Task to complete.
Give again, word for word, every line in the entries below from the line with "Продам будинок на березі річки!" up to and including the line with "Polisten Pankartlı Uyarı", and no other line.

--- START ---

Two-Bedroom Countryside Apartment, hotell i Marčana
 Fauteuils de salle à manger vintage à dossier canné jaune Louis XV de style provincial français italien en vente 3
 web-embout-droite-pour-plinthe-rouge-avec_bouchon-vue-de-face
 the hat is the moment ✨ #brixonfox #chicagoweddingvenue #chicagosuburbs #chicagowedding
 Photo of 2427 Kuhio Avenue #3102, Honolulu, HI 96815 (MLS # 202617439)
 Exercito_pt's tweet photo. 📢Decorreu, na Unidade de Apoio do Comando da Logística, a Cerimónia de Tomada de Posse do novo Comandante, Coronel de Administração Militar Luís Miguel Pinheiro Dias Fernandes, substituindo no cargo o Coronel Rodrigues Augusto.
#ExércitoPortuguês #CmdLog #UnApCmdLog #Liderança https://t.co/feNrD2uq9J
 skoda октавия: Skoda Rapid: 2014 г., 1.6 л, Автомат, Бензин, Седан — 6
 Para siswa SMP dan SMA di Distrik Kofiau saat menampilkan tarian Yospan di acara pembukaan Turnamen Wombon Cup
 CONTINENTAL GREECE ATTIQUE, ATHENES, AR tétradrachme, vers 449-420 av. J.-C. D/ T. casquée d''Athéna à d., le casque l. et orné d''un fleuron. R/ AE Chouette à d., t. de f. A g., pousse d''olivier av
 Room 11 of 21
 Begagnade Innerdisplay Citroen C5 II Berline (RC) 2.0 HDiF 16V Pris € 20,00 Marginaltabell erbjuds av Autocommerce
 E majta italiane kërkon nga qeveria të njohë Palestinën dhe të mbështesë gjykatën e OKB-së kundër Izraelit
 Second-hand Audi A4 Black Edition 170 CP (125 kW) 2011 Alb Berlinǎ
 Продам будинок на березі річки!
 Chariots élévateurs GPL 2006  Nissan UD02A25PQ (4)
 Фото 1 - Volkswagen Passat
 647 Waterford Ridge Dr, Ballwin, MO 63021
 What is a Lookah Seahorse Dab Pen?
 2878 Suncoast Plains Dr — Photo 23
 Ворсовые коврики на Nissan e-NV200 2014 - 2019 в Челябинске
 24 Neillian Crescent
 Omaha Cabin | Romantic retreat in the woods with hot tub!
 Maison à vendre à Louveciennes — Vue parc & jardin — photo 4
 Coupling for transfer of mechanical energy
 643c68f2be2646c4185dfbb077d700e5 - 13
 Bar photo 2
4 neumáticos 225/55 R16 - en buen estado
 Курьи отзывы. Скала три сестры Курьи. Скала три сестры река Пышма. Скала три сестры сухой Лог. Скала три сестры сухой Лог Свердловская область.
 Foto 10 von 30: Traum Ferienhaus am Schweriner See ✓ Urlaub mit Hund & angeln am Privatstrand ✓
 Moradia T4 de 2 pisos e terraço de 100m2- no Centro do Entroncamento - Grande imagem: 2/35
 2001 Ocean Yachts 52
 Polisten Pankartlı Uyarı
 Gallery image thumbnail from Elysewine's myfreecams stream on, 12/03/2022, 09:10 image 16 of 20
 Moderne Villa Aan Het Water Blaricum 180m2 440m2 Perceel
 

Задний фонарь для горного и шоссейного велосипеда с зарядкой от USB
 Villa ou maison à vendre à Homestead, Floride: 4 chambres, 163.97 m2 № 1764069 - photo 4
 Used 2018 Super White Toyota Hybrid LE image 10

--- END ---

Solution.
 Продам будинок на березі річки!
 Chariots élévateurs GPL 2006  Nissan UD02A25PQ (4)
 Фото 1 - Volkswagen Passat
 647 Waterford Ridge Dr, Ballwin, MO 63021
 What is a Lookah Seahorse Dab Pen?
 2878 Suncoast Plains Dr — Photo 23
 Ворсовые коврики на Nissan e-NV200 2014 - 2019 в Челябинске
 24 Neillian Crescent
 Omaha Cabin | Romantic retreat in the woods with hot tub!
 Maison à vendre à Louveciennes — Vue parc & jardin — photo 4
 Coupling for transfer of mechanical energy
 643c68f2be2646c4185dfbb077d700e5 - 13
 Bar photo 2
4 neumáticos 225/55 R16 - en buen estado
 Курьи отзывы. Скала три сестры Курьи. Скала три сестры река Пышма. Скала три сестры сухой Лог. Скала три сестры сухой Лог Свердловская область.
 Foto 10 von 30: Traum Ferienhaus am Schweriner See ✓ Urlaub mit Hund & angeln am Privatstrand ✓
 Moradia T4 de 2 pisos e terraço de 100m2- no Centro do Entroncamento - Grande imagem: 2/35
 2001 Ocean Yachts 52
 Polisten Pankartlı Uyarı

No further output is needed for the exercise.